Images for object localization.
◆ ◆ ◆

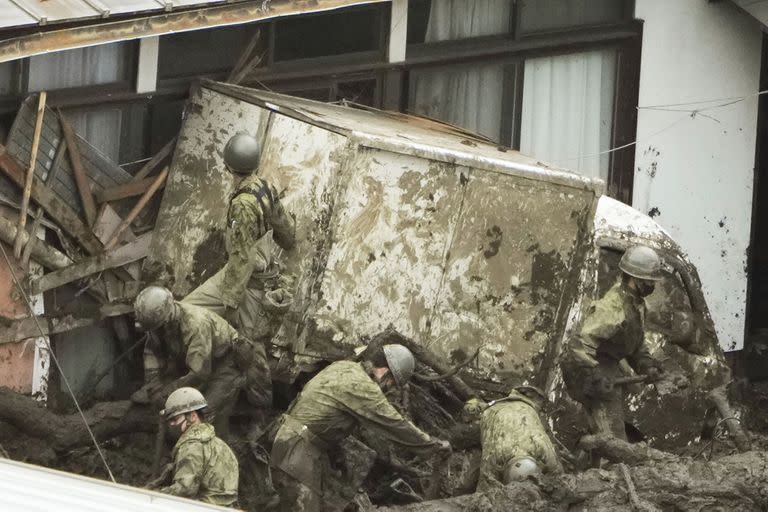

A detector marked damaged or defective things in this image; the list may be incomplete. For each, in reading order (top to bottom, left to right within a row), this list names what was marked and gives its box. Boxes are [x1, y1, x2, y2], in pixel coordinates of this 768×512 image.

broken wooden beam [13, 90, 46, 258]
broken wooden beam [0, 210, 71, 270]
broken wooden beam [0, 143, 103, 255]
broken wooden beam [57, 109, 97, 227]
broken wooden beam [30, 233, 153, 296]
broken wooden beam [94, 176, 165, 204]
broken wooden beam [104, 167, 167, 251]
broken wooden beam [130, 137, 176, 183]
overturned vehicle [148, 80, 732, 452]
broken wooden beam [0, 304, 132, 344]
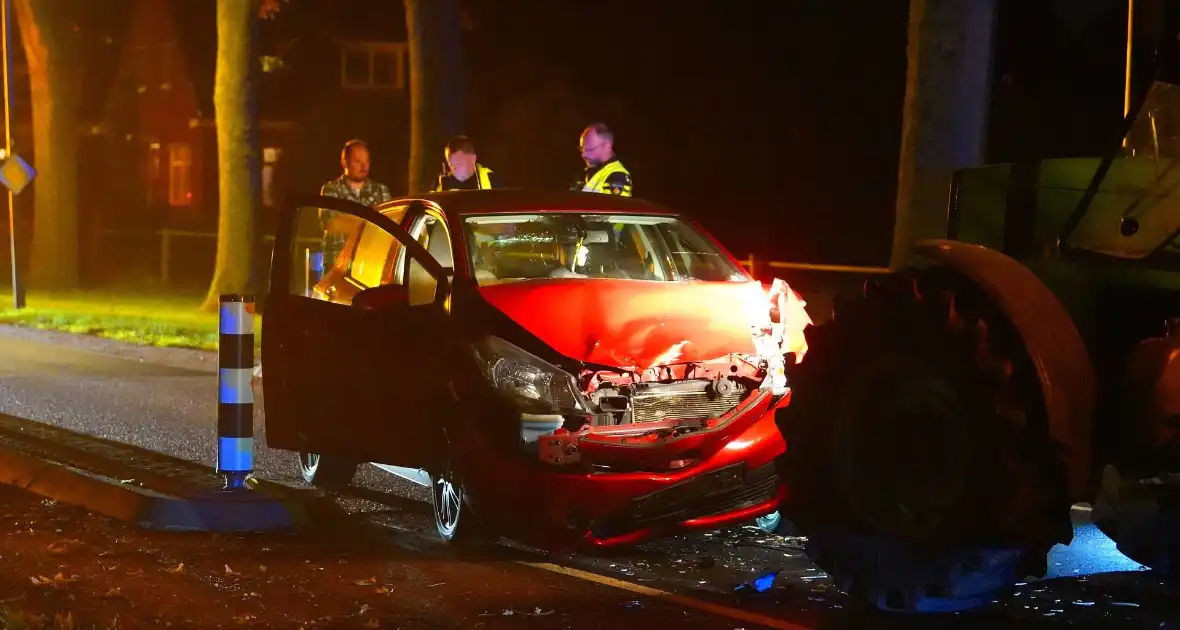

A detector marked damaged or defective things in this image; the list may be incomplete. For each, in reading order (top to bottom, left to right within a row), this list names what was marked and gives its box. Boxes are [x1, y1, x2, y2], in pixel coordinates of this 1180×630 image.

◆ ◆ ◆

Exclude the pictures and repeat the entries word for word.

A detector marked damaged or defective things in this image; the list may be incomplete. For each, in reading order (top to bottom, left to right within a row), this list names what was marked and gives its box. Boxes are [x1, y1, x2, y2], in pixel coordinates of this 768×512 image.

broken wooden beam [13, 90, 46, 258]
broken wooden beam [0, 210, 71, 270]
broken wooden beam [0, 143, 103, 255]
broken wooden beam [57, 109, 97, 227]
broken wooden beam [30, 233, 153, 296]
broken wooden beam [94, 176, 165, 204]
broken wooden beam [104, 167, 167, 251]
broken wooden beam [130, 137, 176, 183]
overturned vehicle [148, 80, 732, 452]
broken wooden beam [0, 304, 132, 344]

A detector marked damaged or defective things in this image; the list may be incomplete. For each, in reading order (top to bottom, left to right within a row), this list names what was marked and gives its box. Boxes are [x1, y1, x2, y2], in pixel coordinates of this 1180×630 image.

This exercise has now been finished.